◆ **What to do**
Exactly retype the opening line of the entries and every line after it, ending with the line that contains "Fabletics Sports Bra - Picture 2 of 4". Skip all pictures.

◆ **Listed records**
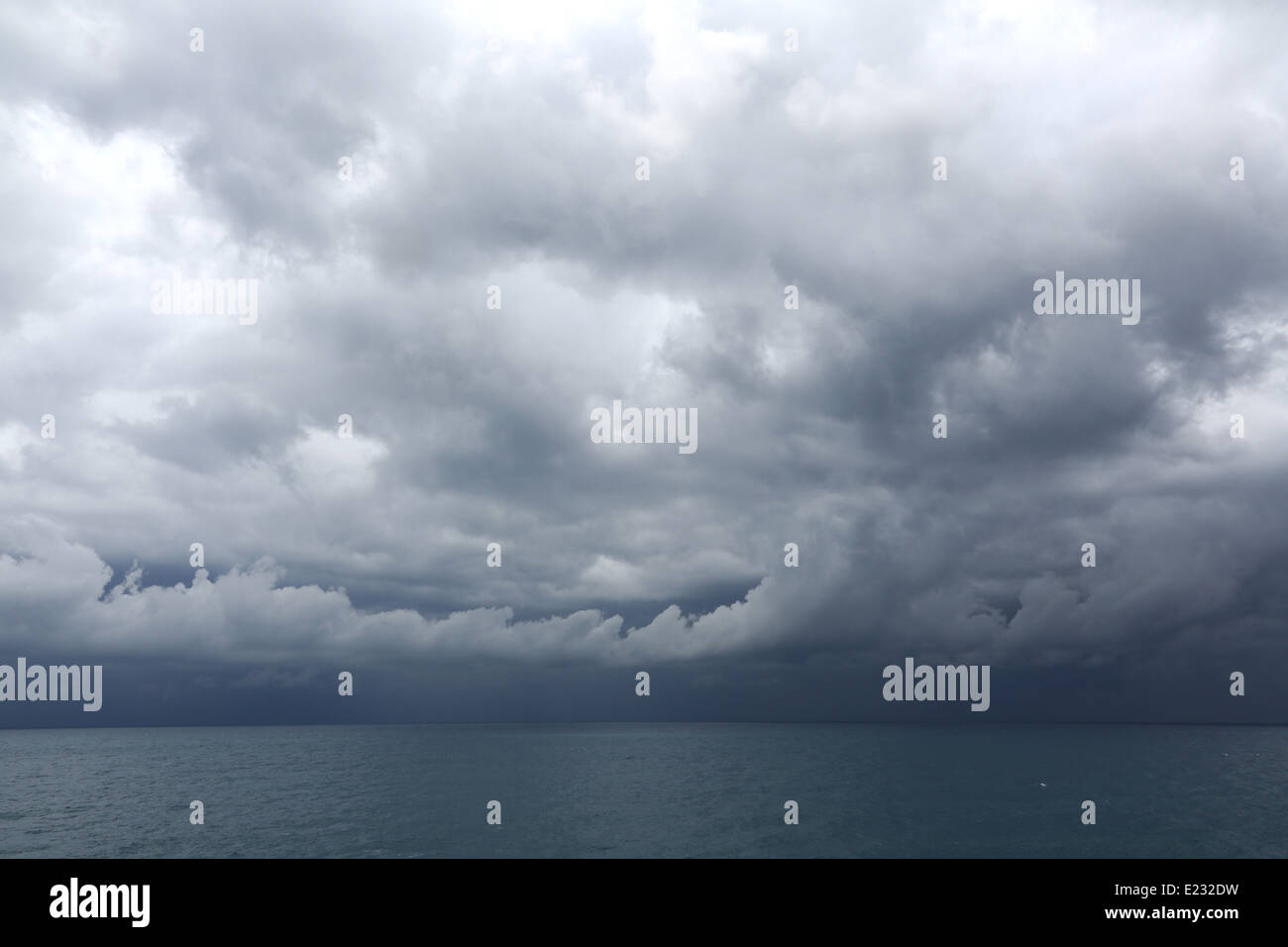 La pioggia nel mare Mediterraneo, Liguria, Italia, Europa Foto Stock
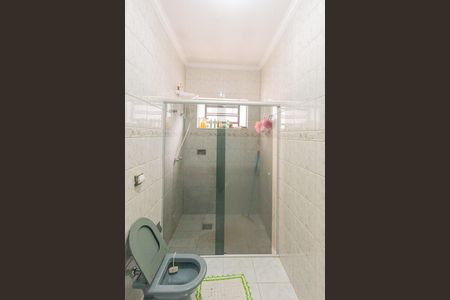 Casa à venda com 240m², 3 quartos e 4 vagasBanheiro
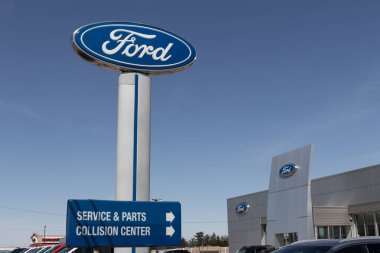 Richmond - Nisan 2022: Ford araba, SUV ve kamyonet satıcısı. Ford, Mustang, Escape, Explorer ve en çok satan F-150 ve F-Serisi kamyonlarını üretir..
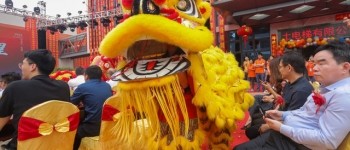 醒獅獻(xiàn)瑞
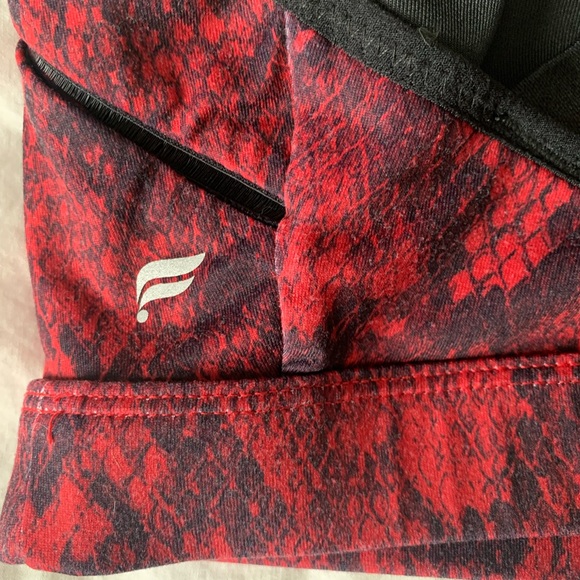 Fabletics Sports Bra - Picture 2 of 4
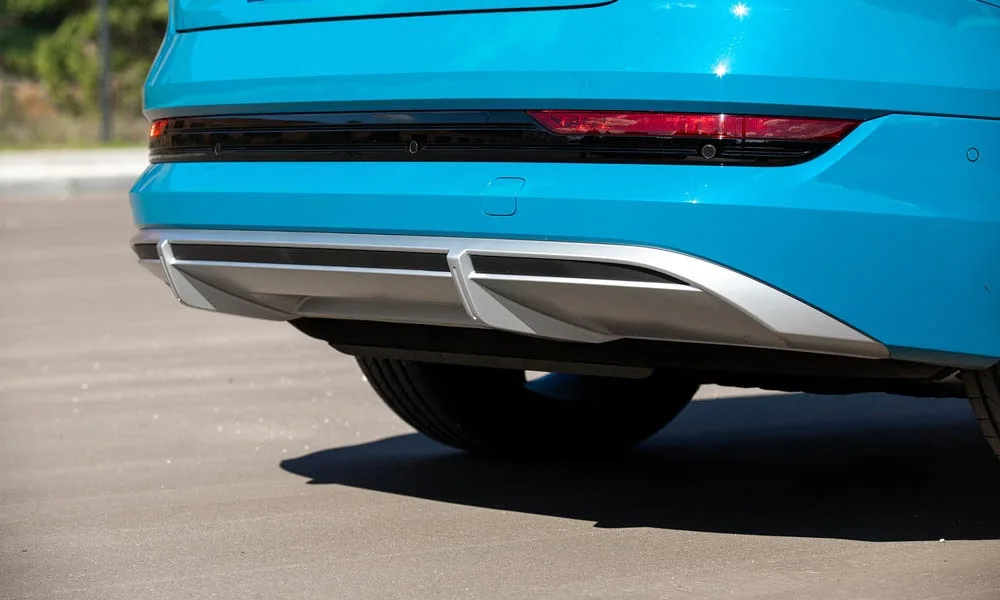 Фото Audi e-tron — вид сзади, фото 11. Синий кузов сзади — фонари и бампер определяют ночной образ модели. Насадки выхлопа или их имитация внизу бампера различают версии Audi e-tron — вид сзади, фото 11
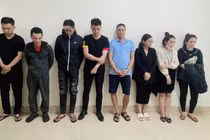 Nghệ An: Nhóm “nam thanh nữ tú” bay lắc trong khách sạn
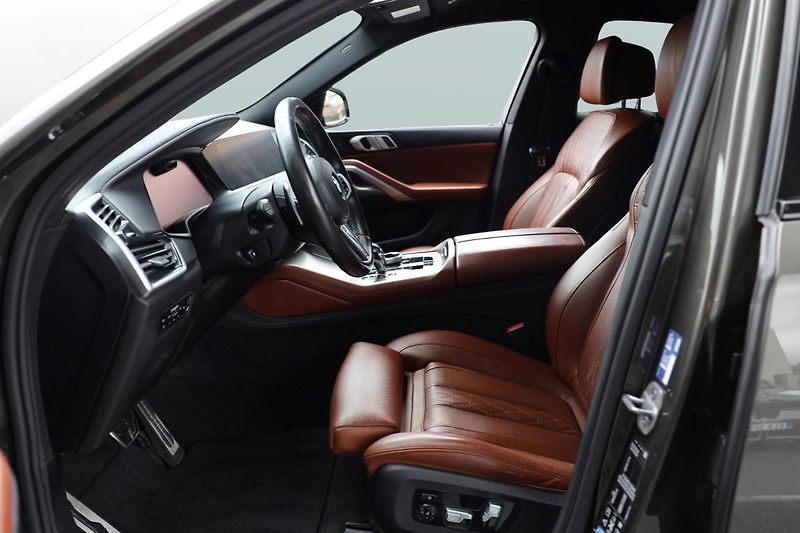 BMW X6 M50d - fotka 9 z 14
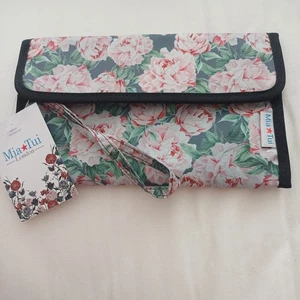 Mia Tui Travel Document Wallet - RFID in Peony - Imagen 1 de 5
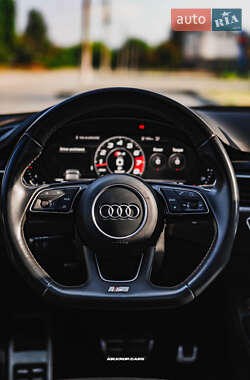 Седан Audi S4 2018 в 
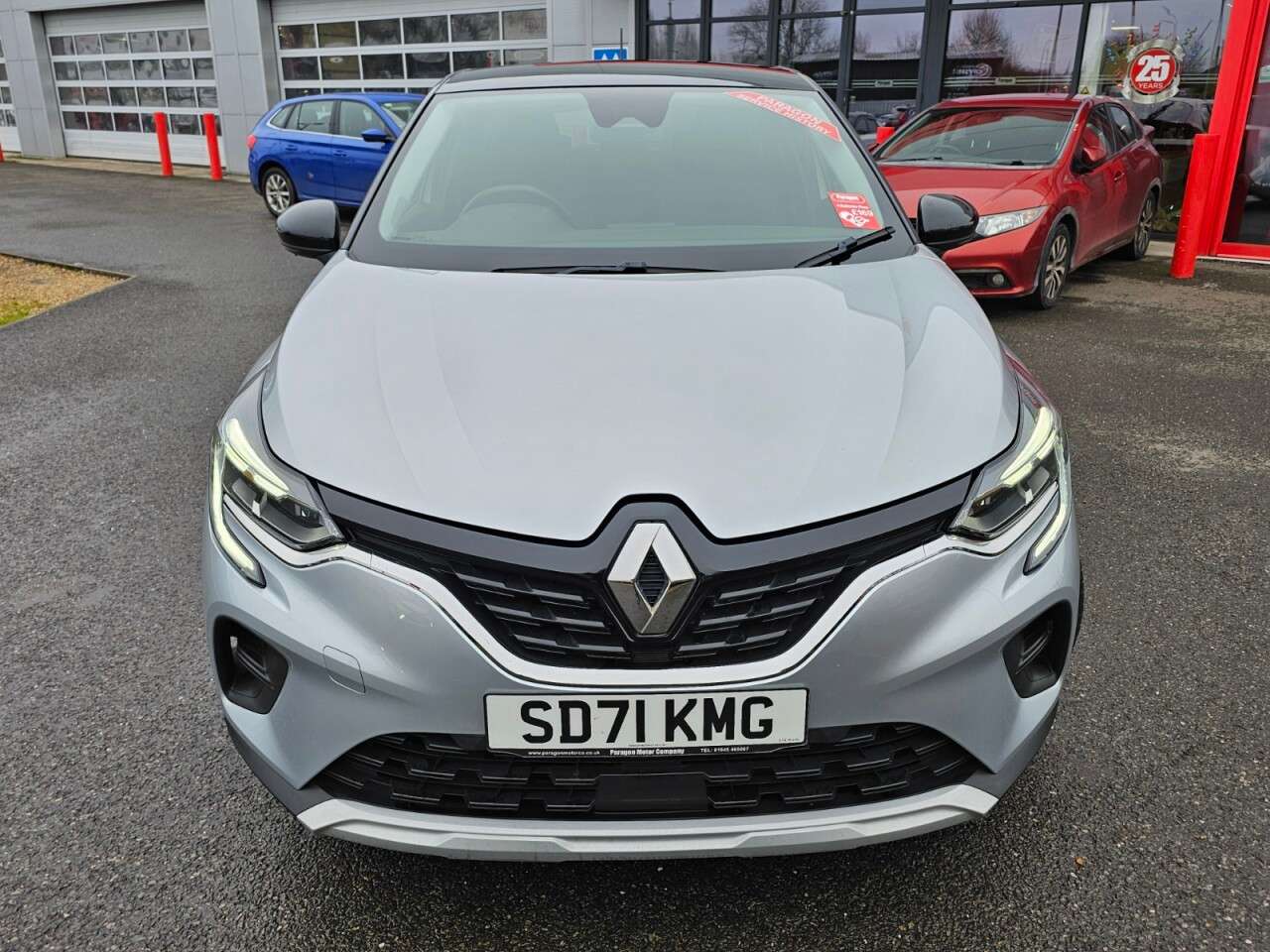 A 2021 RENAULT CAPTUR 1.0 TCe Iconic SUV 5dr Petrol Manual Euro 6 (s/s) (90 ps) A 2021 RENAULT CAPTUR 1.0 TCe Iconic SUV 5dr Petrol Manual Euro 6 (s/s) (90 ps)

◆ **Expected answer**
 La pioggia nel mare Mediterraneo, Liguria, Italia, Europa Foto Stock
 Casa à venda com 240m², 3 quartos e 4 vagasBanheiro
 Richmond - Nisan 2022: Ford araba, SUV ve kamyonet satıcısı. Ford, Mustang, Escape, Explorer ve en çok satan F-150 ve F-Serisi kamyonlarını üretir..
 醒獅獻(xiàn)瑞
 Fabletics Sports Bra - Picture 2 of 4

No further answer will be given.